**Your assignment:** Your task is to copy the stretch of lines in the records below that begins with the line containing "Notice how a" and ends with the line containing "24 Winnebago Revel", exactly as written, with nothing added.

┄┄┄┄┄┄┄┄┄┄┄┄┄┄┄┄┄┄┄┄

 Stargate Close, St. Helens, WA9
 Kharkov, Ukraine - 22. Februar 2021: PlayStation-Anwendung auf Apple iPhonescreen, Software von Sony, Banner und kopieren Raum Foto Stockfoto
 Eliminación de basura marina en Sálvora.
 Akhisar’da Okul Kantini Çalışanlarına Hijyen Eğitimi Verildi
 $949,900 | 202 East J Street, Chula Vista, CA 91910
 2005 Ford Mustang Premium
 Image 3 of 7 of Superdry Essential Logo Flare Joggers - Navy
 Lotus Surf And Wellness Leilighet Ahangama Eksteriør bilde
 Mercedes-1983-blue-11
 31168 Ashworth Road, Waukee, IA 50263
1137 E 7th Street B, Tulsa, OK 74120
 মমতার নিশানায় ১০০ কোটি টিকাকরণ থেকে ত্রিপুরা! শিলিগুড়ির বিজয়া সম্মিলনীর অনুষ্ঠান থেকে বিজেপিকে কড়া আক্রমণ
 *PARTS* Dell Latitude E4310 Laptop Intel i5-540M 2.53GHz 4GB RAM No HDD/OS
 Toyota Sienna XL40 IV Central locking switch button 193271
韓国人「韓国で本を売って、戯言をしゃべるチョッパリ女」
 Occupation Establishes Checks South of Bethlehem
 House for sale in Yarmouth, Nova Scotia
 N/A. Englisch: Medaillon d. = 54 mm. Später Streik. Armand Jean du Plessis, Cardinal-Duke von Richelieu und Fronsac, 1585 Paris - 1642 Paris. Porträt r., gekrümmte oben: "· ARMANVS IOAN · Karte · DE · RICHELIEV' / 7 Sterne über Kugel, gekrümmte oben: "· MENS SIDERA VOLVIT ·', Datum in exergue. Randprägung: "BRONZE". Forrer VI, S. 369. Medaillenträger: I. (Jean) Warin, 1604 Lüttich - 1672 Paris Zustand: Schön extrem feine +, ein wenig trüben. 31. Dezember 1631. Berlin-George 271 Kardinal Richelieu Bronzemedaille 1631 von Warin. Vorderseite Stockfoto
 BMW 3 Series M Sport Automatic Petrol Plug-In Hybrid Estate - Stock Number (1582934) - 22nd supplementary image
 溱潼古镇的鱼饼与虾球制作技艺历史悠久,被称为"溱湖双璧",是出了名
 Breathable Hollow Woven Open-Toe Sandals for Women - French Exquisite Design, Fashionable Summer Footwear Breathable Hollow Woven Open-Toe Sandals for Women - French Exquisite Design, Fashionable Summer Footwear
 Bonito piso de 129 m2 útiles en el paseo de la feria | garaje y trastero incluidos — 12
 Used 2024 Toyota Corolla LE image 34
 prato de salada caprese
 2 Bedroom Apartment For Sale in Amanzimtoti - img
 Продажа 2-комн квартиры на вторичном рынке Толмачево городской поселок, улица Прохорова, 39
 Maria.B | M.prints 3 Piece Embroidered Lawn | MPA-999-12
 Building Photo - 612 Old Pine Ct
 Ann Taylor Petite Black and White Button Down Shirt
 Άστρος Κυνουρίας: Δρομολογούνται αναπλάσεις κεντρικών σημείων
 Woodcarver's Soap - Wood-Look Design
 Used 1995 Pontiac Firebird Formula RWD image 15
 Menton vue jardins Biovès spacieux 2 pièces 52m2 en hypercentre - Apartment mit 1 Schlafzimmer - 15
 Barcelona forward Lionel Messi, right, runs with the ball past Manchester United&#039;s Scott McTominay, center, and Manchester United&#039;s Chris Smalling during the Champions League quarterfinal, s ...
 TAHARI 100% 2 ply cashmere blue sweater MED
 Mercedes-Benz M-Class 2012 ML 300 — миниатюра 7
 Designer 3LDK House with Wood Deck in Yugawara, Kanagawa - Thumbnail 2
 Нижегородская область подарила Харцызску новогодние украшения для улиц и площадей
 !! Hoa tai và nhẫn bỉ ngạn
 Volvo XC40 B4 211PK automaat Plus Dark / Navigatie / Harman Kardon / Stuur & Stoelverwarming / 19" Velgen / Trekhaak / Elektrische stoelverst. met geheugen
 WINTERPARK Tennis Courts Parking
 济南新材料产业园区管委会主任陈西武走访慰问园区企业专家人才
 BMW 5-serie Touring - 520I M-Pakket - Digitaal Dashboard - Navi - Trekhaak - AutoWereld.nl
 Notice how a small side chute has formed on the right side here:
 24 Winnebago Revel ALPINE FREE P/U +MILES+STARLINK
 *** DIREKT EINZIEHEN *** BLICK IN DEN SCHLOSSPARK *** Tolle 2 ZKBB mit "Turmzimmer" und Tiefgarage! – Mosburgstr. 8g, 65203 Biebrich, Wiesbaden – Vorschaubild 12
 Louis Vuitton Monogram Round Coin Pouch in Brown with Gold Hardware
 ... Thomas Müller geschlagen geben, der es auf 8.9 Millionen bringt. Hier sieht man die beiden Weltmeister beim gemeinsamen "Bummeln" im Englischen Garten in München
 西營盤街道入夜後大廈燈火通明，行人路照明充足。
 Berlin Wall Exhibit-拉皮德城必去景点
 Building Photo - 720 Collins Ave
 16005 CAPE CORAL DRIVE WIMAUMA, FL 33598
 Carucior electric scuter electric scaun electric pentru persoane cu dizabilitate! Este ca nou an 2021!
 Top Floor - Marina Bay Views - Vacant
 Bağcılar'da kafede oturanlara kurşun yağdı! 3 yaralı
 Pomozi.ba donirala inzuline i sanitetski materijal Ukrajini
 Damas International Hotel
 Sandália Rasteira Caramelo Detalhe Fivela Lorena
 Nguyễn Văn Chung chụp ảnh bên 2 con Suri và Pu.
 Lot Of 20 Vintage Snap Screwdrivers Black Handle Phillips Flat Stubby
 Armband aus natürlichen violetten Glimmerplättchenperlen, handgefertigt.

┄┄┄┄┄┄┄┄┄┄┄┄┄┄┄┄┄┄┄┄

**Solution for this problem:**
 Notice how a small side chute has formed on the right side here:
 24 Winnebago Revel ALPINE FREE P/U +MILES+STARLINK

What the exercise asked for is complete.